Today, there is no undesirable place to live on Nantucket. Homes in Codfish Park easily go for over a million dollars. There were two rows of houses that have disappeared since the 1950s, some have been moved further and further back or to other parts of Nantucket, others have been foremoved by the ocean. There is a video that was taken of a house swept out to sea by the No Name Storm, it took only three minutes before the ocean split the house in two. Curtains billowed out the broken windows.

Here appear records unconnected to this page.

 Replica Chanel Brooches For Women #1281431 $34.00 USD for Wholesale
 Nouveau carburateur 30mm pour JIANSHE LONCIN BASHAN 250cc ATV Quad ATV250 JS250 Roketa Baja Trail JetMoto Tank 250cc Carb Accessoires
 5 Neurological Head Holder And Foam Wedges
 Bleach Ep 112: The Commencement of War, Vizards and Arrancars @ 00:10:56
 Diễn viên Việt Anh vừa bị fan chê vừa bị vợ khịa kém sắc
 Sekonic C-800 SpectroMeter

As the Codfish Park residents were squatters on what had been a public beach, they didn’t hold title to their land. This situation was not dissimilar to the Dune Shacks of the Peaked Hill Bars Historic District, over in Provincetown. The Town of Nantucket eventually dissolved the trust that held the Codfish Park beach cottages in 1993 by a vote of the town meeting body.

This legal limbo that many residents were in makes Codfish Park a challenge for anybody who wants to make sense of the past. The folks who lived here were not in the society pages. They rarely show up in the printed record at all. Even the buildings they lived in moved around, out of harm’s way as the tide inched ever closer.

But they mattered. They still matter.

It was on a recent tour that I was explaining all this to a visitor. They said, “Don’t you think the islanders need the tourists just as much as the tourists need you?”

I guess that’s the big question. All I know is, at the end of that tour, I needed a swim. Luckily, the ocean was right across the street.